# Eco Mods increase your profit by a gigantic margin



## Sal29 (Jul 27, 2014)

Do you think Uber would allow any of these inexpensive mods on your car? 
This Civic for example gets over 84 mpg on the highway.
http://ecomodder.com/forum/emgarage.php?do=details&vehicleid=8353


----------



## Amsoil Uber Connect (Jan 14, 2015)

What they don't know shouldn't hurt you.

I saw a Red car the other day while at a Chevron station, and thought wtf, it said no red cars. The guy was taking a smoke break. Was gona start talking to him but decided not. Not sure what kind of car but small, then wondered if it was leased. Oh well...


----------



## Fauxknight (Aug 12, 2014)

I have my lower grill blocked to help with fuel economy. In extreme cold I block part of the upper as well. Thinking of making or buying a more professional cover for it, regular Prii have third party grill covers available, not sure if anyone has made a set for the C yet.

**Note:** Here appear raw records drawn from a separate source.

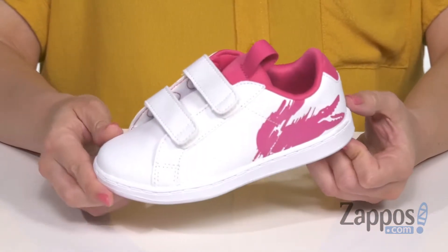It has that slim style midsole, all on top of a non-slip rubber outsole. Show off their cool style with these sneakers from Lacoste Kids.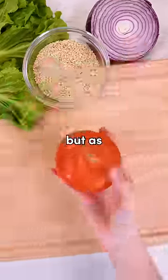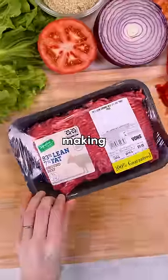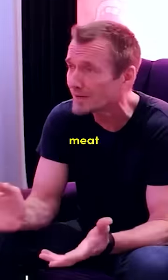I tried making a Krabby Patty from SpongeBob, but as it turns out, there's a reason why they keep this secret formula under lock and key. Start off by making that Krabby Patty, which apparently doesn't use real meat. There is absolutely no meat in the Krabby Patty.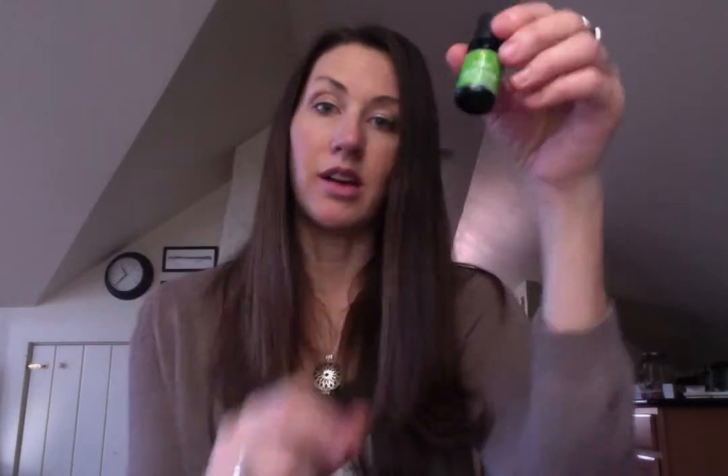My two favorites are a Stress Away roll-on and a PanAway roll-on. These are ones that I just have in my purse all the time, and I've literally repurposed an old bottle. I didn't even clean it out — I just added a little bit of essential oil, maybe like five or ten drops to the bottom, and then filled the rest with a carrier oil, and there I have my own roll-on. Super, super easy.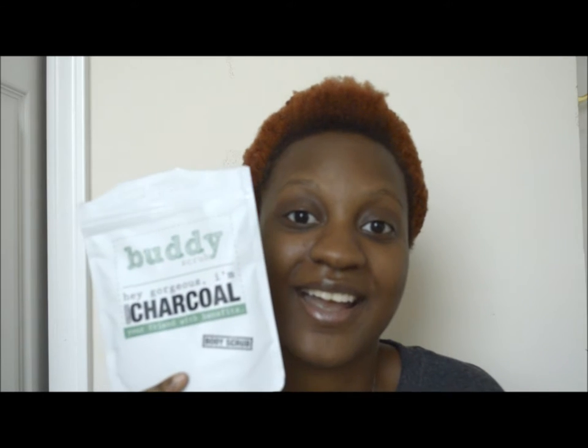You can also find it on the Buddy Scrub website. This entire company is actually in Australia, so if you want to head to their website, I'll put the link in the description below. On the website, this particular one runs at about $15.95 — the prices vary depending on the flavor. There are about five flavors, and this activated charcoal one was the only flavor they had at Urban Outfitters.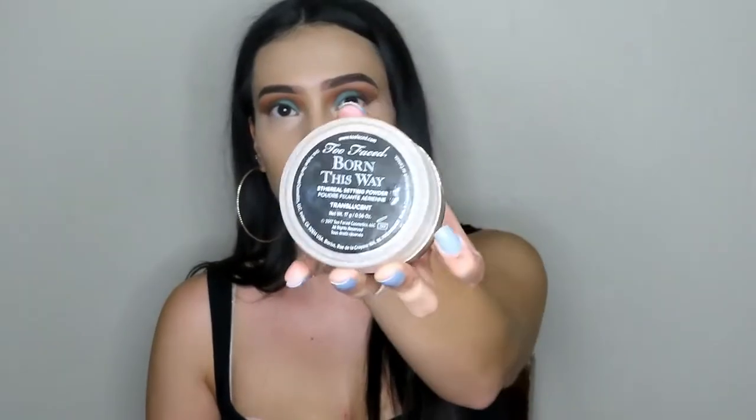To set my under eyes, I'm going to use the Too Faced Born This Way Powder in Translucent. It's one of my absolute favorites for under eyes — it's not drying, doesn't look cakey, it's very nice.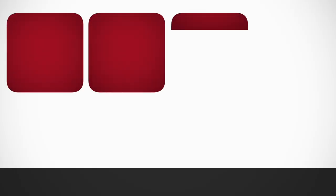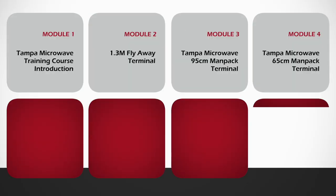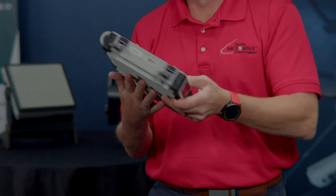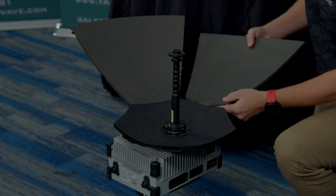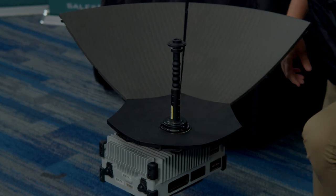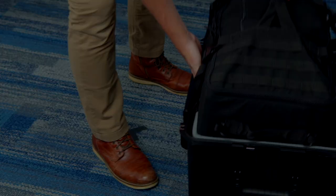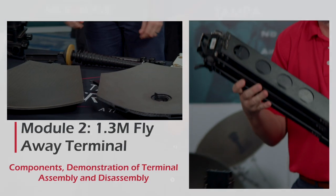Welcome to the Tampa Microwave Terminal Training Course. In this course, we will cover assembly, disassembly, and pack out of our 65-centimeter, 95-centimeter, and 1.3-meter terminal solutions.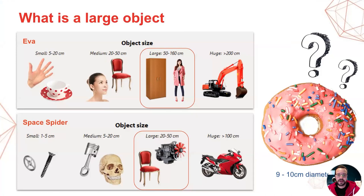The focus of today's webinar is about scanning large objects. So let's begin by defining what is to be considered a large object. Interestingly, this classification depends not only on the object itself, but also on the type of scanner being used.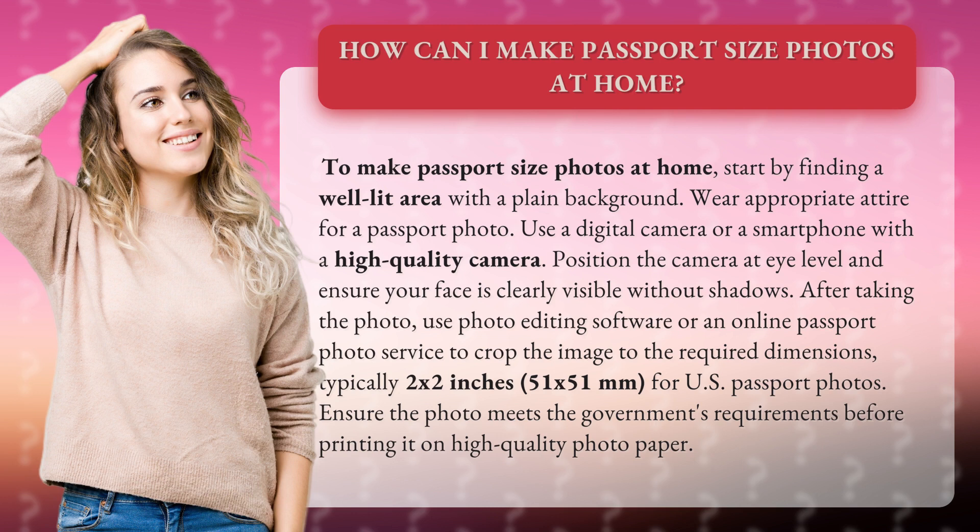Use a digital camera or a smartphone with a high-quality camera. Position the camera at eye level and ensure your face is clearly visible without shadows.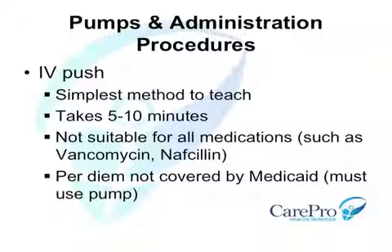Drugs such as vancomycin and nafcillin require higher volumes of dilution and must be administered over at least an hour by an infusion pump. If Medicaid is responsible for payment of the pump and supply per diem, a mechanical infusion device must be used. They do not reimburse for a per diem when the IV push method is utilized.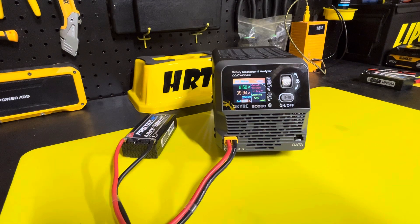I'm going to run this one and put it in storage mode. It's at 6.2 volts, and now we're down to 6.3 volts. And it's done — nice and simple.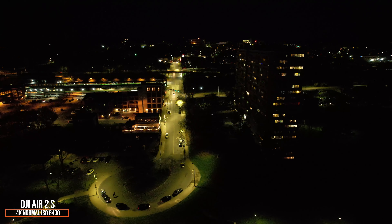Let's push it one step further and go up to ISO 6400 on both drones, still in normal color profile since that's the only profile available at this ISO. Once again the Air 2S is considerably brighter and considerably cleaner. That said, I don't know that I would actually ever use ISO 6400 in practice — it's a little bit too noisy for me.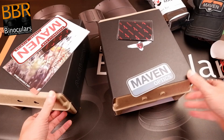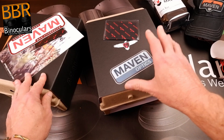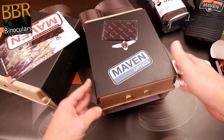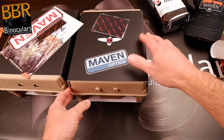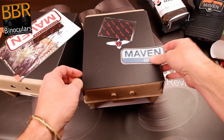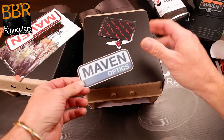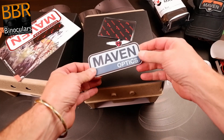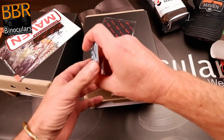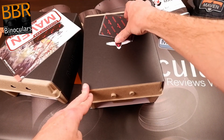Now for the two binoculars. I think this is the B1.2 and the B6 — I'd love to do the B1.2 first since the B6 is based on it. The boxes are the same size, and judging by weight, I'm thinking this is the 42mm B1.2. Inside the packet came a really nice Maven Optics sticker and another extra item — thanks very much. I'm not sure if everyone gets one or if it's just because I'm special. Leave a comment if you know — if you have a nice new Maven binocular, it would be good to know.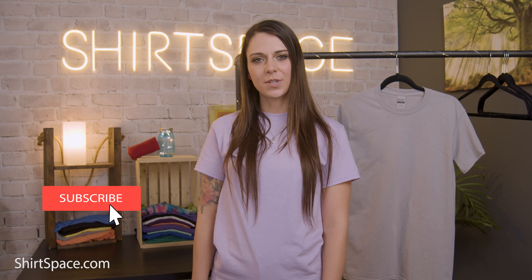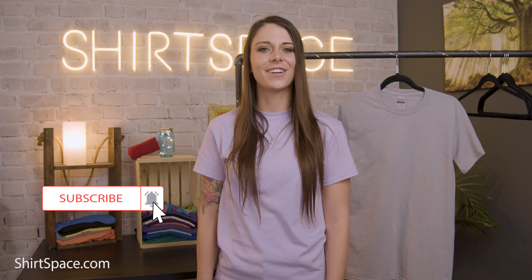There you have it — the Gildan G800. Check it out at ShirtSpace.com, the best place to visit for all your blank apparel needs. If you have any questions, or you have a topic or a t-shirt you'd like us to cover, make sure to say it in the comments below. Don't forget to subscribe, turn on your notifications, and have a great day.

He also appears to be an extreme hypermiler, on his fuel log he states how many EoC miles he gets per tank . EoC is engine off coasting, and is pretty much what it sounds like. With hypermiling most hybrids can match his MPG numbers with just P&G, pulse and glide, which is far safer, but still annoying to other drivers, particularly when done to the extreme.


----------



## observer (Dec 11, 2014)

Sal29 said:


> Do you think Uber would allow any of these inexpensive mods on your car?
> This Civic for example gets over 84 mpg on the highway.
> http://ecomodder.com/forum/emgarage.php?do=details&vehicleid=8353


Interesting, I've never seen anything like this. I'll have to look into it and learn more about it.

I have turned off engine just to see how far my '96 stick shift VW Golf would coast without power.
Near Buena Park and areas north east of BP there are several areas you can coast at speed limit for half mile. A couple stretches for a mile. One place going over hills toward La Puente for three miles.

My longest coast was 14.9 miles from top of mountains near Gorman to truck stops at bottom near 99 and 5 split.

I live such an exciting life!


----------